__WORK TASK__. Leave the pictures out. Retype exactly the lines below from the one containing "عکس طوطی عروس نر" through the one containing "Shark Tourism", and no others.

__PROVIDED RECORDS__.
<<<<

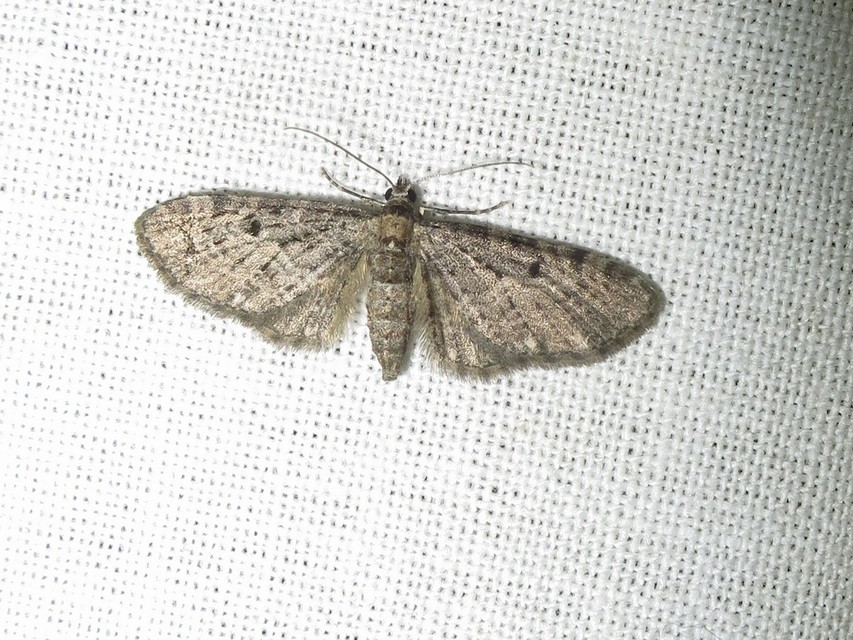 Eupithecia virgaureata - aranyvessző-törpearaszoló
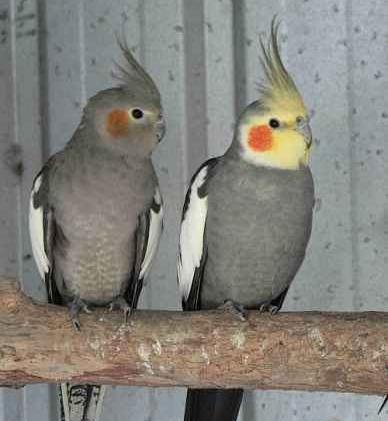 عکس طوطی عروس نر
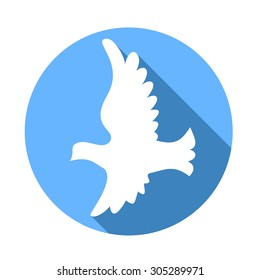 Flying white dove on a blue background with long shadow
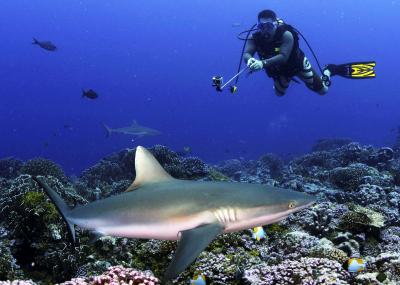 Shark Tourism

>>>>
<<<<

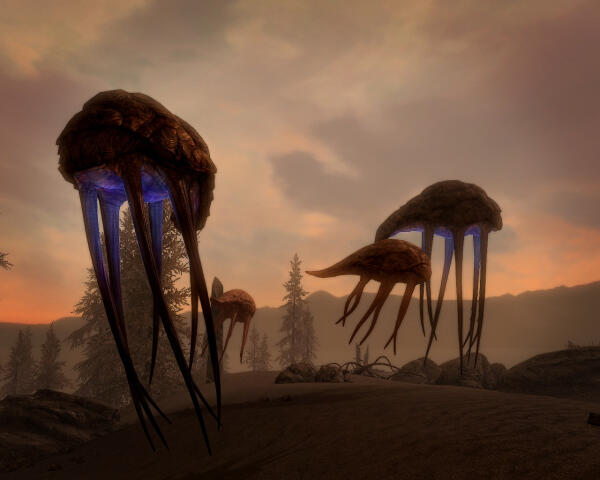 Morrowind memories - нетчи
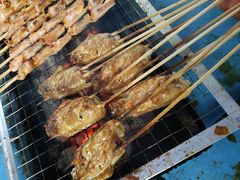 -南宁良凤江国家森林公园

>>>>

__EXERCISE SOLUTION__.
 عکس طوطی عروس نر
 Flying white dove on a blue background with long shadow
 Shark Tourism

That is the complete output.